# The Atomic Cannon



## Graeme (Sep 1, 2007)

The 280mm Atomic Cannon (T131)
How many times was it fired? Is this a real photo or a montage? Did the cannon crew simply 'fire and run' or was it remotely fired?

Thanks,
graeme.


----------



## Matt308 (Sep 1, 2007)

Don't know the answer to your other questions, but it is a real photo, taken from live movie footage. The grainy brown colors make it look even that much more ominous. As I recall, the 280mm cannon used was trucked in using two bogies, one at each end. Set up was rather lengthy and tedious (2-3hours as I recall). And when you say remotely, do you mean like a set piece? I don't think so. Gun crew was supposed to be local from all information that I have read. You can see how these operations were rendered battlefield obsolete in modern warfare.


----------



## evangilder (Sep 1, 2007)

That was the first nuclear artillery shot fired as part of Operation Upshot Knothole. From what I have read, it was the only nuclear artillery shell ever fired.

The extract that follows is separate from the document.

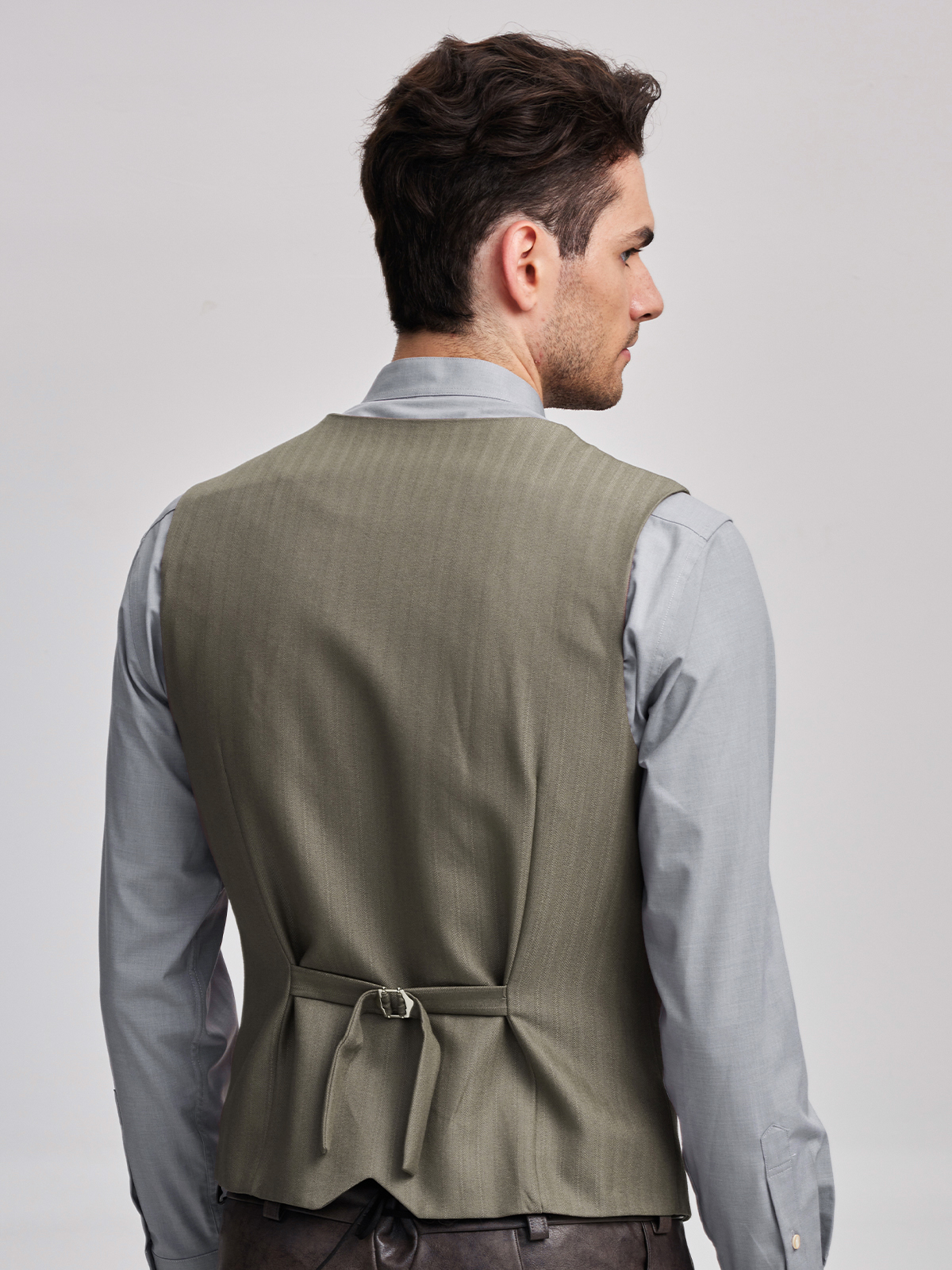 Modernes Dirndl in Braun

More info can be found here:
The Atomic Cannon


----------



## Graeme (Sep 1, 2007)

Thanks Matt and Eric.



Matt308 said:


> And when you say remotely, do you mean like a set piece? I don't think so. Gun crew was supposed to be local from all information that I have read.



Matt I was thinking along the lines of future health issues. 15 Kilotons only 7 miles away. Did the gun crew fire the shell and simply 'turn their backs' or did they retreat to some protective bunker/shelter before the detonation? (quickly!) Or did they set the gun up, and then from some 'safe' control area electrically trigger the firing sequence? 

Looking at site Eric provided, the crew appear to be exposed to fallout?

Australian Nuclear Veterans Association
MARLINGA is still an issue in Australia-especially to serviceman.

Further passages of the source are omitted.